* TASK PROMPT
Output exactly the lines that run from the top of the entries to the line holding "Northfield, MN 55057", including both of those lines.

* Source data

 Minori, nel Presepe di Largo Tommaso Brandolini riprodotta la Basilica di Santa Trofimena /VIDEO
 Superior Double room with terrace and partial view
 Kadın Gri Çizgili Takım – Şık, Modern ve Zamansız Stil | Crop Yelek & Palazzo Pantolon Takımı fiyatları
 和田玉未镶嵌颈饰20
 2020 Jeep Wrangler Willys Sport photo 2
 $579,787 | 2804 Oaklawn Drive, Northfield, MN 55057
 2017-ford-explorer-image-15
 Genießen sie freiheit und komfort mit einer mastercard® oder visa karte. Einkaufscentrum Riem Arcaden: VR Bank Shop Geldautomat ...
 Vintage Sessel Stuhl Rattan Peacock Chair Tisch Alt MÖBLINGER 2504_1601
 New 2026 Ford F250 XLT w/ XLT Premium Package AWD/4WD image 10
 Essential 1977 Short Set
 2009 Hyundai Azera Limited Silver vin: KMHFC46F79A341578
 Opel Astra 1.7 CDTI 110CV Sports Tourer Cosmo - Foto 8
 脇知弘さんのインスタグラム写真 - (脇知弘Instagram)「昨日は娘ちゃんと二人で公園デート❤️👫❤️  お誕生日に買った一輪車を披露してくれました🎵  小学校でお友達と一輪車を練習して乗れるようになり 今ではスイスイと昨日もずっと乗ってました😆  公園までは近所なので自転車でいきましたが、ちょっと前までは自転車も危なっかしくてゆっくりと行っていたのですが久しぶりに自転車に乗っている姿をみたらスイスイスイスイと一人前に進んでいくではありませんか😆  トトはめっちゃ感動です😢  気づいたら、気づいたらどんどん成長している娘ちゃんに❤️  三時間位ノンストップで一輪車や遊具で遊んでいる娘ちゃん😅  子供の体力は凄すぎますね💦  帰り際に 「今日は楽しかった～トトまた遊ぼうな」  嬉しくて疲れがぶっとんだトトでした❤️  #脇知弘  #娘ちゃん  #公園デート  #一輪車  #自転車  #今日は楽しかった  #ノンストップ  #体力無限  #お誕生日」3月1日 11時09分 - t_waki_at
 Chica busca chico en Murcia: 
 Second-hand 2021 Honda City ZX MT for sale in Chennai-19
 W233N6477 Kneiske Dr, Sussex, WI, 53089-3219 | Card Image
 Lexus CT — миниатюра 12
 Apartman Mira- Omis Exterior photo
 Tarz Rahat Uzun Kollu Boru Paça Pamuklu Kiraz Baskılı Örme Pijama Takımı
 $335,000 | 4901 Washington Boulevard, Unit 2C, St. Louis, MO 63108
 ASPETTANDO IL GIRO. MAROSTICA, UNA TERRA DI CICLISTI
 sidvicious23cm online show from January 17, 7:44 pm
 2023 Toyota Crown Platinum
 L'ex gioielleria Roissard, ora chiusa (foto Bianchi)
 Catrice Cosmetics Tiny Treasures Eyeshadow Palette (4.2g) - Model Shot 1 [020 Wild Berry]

* RESULT FOR THIS TASK
 Minori, nel Presepe di Largo Tommaso Brandolini riprodotta la Basilica di Santa Trofimena /VIDEO
 Superior Double room with terrace and partial view
 Kadın Gri Çizgili Takım – Şık, Modern ve Zamansız Stil | Crop Yelek & Palazzo Pantolon Takımı fiyatları
 和田玉未镶嵌颈饰20
 2020 Jeep Wrangler Willys Sport photo 2
 $579,787 | 2804 Oaklawn Drive, Northfield, MN 55057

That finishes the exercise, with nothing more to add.